Please filter the data below down to the lines holding the string "Black".

(Dataset items)

- Opening Delimiter -

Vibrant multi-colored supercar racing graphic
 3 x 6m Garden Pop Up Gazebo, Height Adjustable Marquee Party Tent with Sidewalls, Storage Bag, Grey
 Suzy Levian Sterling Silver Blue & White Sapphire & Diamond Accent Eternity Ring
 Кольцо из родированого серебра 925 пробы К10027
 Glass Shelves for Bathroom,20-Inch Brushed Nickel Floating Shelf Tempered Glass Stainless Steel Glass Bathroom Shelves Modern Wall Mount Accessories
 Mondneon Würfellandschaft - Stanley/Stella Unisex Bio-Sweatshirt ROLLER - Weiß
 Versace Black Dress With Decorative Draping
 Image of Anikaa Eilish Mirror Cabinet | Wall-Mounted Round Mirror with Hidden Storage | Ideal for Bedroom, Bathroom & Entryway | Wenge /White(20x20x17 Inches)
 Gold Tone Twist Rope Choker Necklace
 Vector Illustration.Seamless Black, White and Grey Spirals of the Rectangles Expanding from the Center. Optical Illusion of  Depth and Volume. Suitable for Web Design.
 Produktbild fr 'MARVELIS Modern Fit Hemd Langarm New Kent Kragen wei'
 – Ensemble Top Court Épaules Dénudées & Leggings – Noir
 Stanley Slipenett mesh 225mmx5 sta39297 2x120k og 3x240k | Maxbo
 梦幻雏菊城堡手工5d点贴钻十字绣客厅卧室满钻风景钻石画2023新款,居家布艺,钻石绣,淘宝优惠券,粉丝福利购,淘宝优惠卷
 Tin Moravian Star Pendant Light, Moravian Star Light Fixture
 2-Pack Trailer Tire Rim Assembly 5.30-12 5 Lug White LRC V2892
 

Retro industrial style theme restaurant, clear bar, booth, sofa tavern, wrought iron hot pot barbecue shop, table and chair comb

- Closing Delimiter -

*SOLUTION TO THIS PROBLEM*
 Versace Black Dress With Decorative Draping
 Vector Illustration.Seamless Black, White and Grey Spirals of the Rectangles Expanding from the Center. Optical Illusion of  Depth and Volume. Suitable for Web Design.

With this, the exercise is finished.